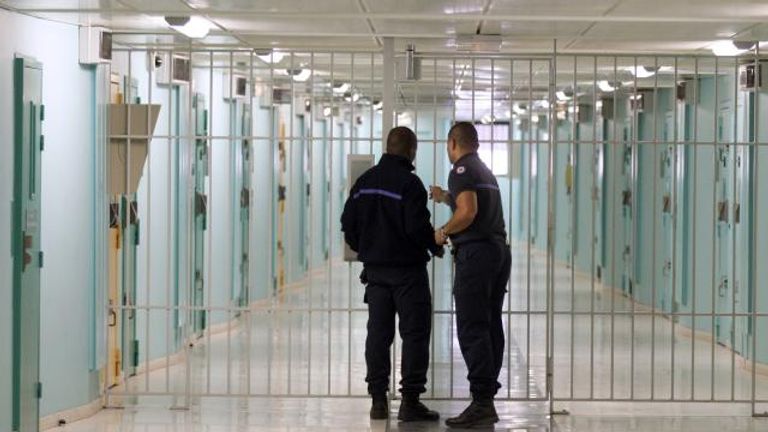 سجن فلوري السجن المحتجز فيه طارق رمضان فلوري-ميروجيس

---

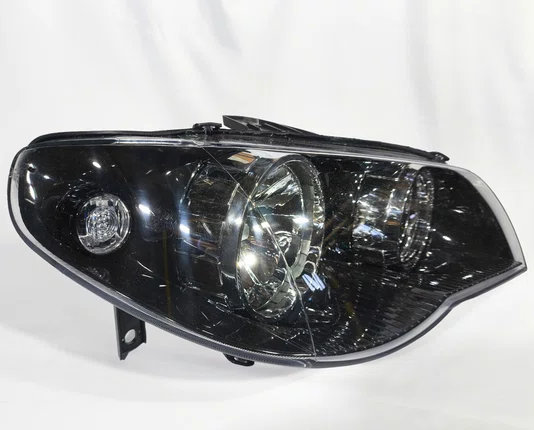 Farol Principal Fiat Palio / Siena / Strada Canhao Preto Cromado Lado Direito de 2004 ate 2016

--

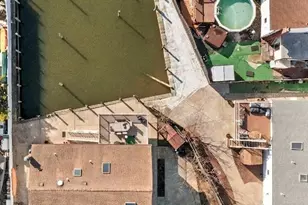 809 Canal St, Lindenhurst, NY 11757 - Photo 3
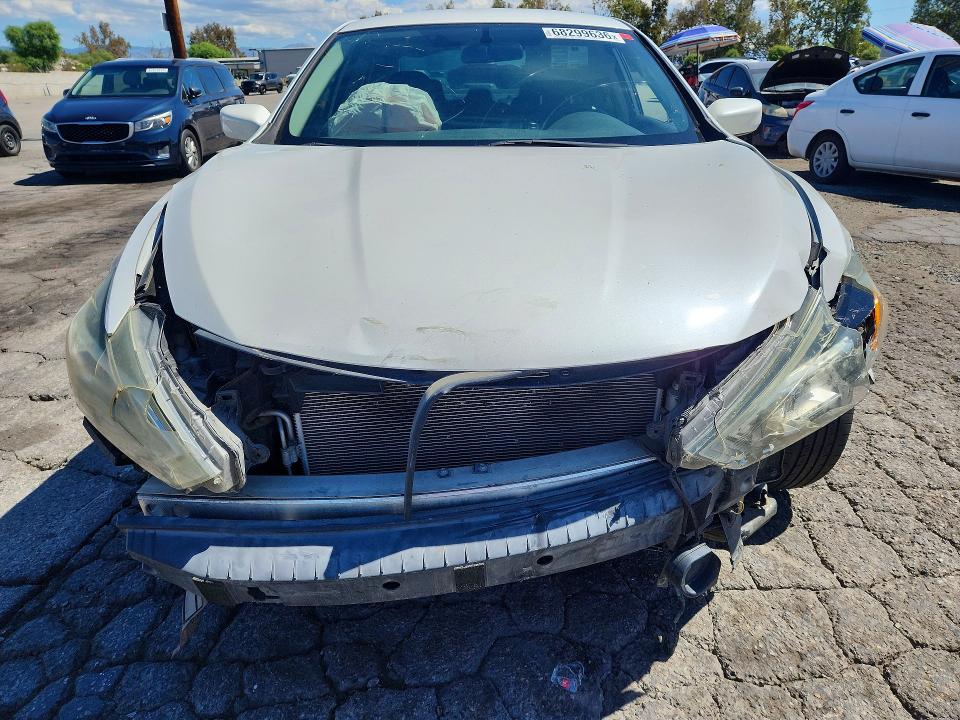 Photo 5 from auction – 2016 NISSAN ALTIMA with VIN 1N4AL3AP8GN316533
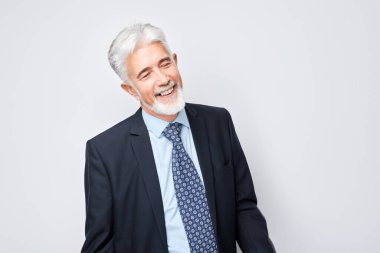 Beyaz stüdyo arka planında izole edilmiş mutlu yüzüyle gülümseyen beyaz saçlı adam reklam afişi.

WHAT IS REQUIRED =
Working from the records above, set down word for word everything from the line containing "809 Canal St, Lindenhurst, NY" down to the line containing "Beyaz stüdyo arka", ends included, minus the pictures.

SOLUTION FOR THIS TASK =
 809 Canal St, Lindenhurst, NY 11757 - Photo 3
 Photo 5 from auction – 2016 NISSAN ALTIMA with VIN 1N4AL3AP8GN316533
 Beyaz stüdyo arka planında izole edilmiş mutlu yüzüyle gülümseyen beyaz saçlı adam reklam afişi.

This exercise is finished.